Deena Capparelli is an artist living in Altadena. She is co-coordinator of MOISTURE, an on-going, ecologically based project taking place on 15 acres in the Mojave Desert. Funded by L.E.F. Foundation, The Beall Center for Art & Technology, and Rain Bird/DriWater, the MOISTURE project explores water collection, retention, and diversion to native gardens that are regenerating an area exploited by many years of mining and over grazing. Her interest in gardening with native California plants has spanned 25 years. Capparelli is also an amateur propagator of trees and shrubs native to the Mojave Desert. At present, she is collaborating with artist, Lisa Tucker, on an ethno-botanical garden project for UCR’s Palm Desert Graduate Center. Deena is a tenured faculty of Art at Pasadena City College where she helped design a block program that merged science to art and has also organized a multi-disciplinary program that blends art and design.
Claude Willey is an artist and educator, teaching in the Urban Studies and Planning Department at California State University, Northridge, at Art Center College of Design, and Sci-Arc. He is co-coordinator of MOISTURE, a multi-year water research project in the Mojave Desert, and in 2007 he piloted the Invisible Trajectories project, a ‘story-based’ project looking at mobility and access limitations within California’s Inland Empire. Over the past 10 years, Willey’s activities have merged ecology, environmental history, renewable-energy technologies, urban transportation, and landscape history. Last year he curated an online exhibition, Conducting Mobility, for Greenmuseum.org and the Australian magazine, ArtLink, on transportation, migration, and energy. This year he is headed to Arizona to participate in a month-long Environmental Borderlands NEH Institute. In addition to his research interests, Willey defines himself as a professional bicycle commuter, clocking 230 miles per week on the roads of L.A. County.
Saturday May 30th, Time 7-8pm: Jane Tsong will unearth the history of Eagle Rock water followed by a self-guided bike tour of her neighborhood's buried streams.
MYRIAD UNNAMED STREAMS: an intimate history of the suburban landscape from the point of view of Water in Northeast Los Angeles
The wide concrete troughs carved through our city-- the Los Angeles River and the Arroyo Seco-- have long been the focus of grassroots watershed restoration efforts. Yet few of the numerous small waterflows that fed those rivers were ever mapped or even named. Such myriad small streams were an unavoidable fact of life in the era before we made the landscape predictable by regrading and draining it.

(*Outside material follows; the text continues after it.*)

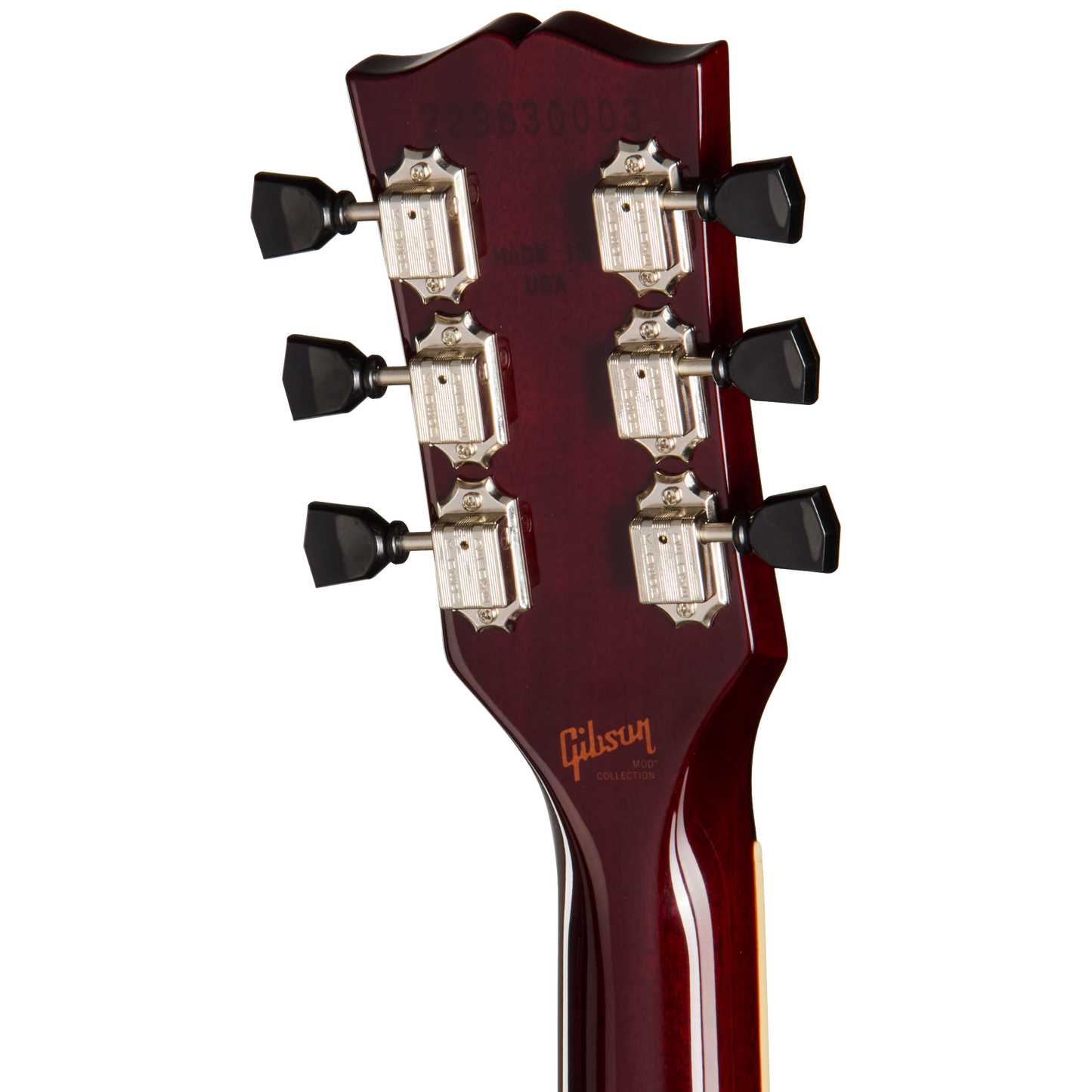 Gibson Mod™ Collection ES-335, Urgent Red Razorstripe Electric Guitar Gibson Mod™ Collection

Learn how oldtimers in Northeast Los Angeles experienced the landscape in the pre-storm-drain era. After an informal Powerpoint presentation, maps will be distributed. Head out for a self-guided night bike tour (under 8 mi). Front and rear lights recommended.Jane Tsong
Since 2004, Jane Tsong has been designing blessings for the water, air, and biosolids to be treated by the Brightwater Wastewater Treatment Plant in Seattle (opening 2011). Her proposals for radical gardens based on local cultural history have been finalists for public art commissions in Astoria, Oregon, the City of Ventura and the City of Los Angeles. Currently, she works at the Huntington Botanical Gardens, which she believes should be renamed "The Huntington Bird, Bug and Butterfly Gardens."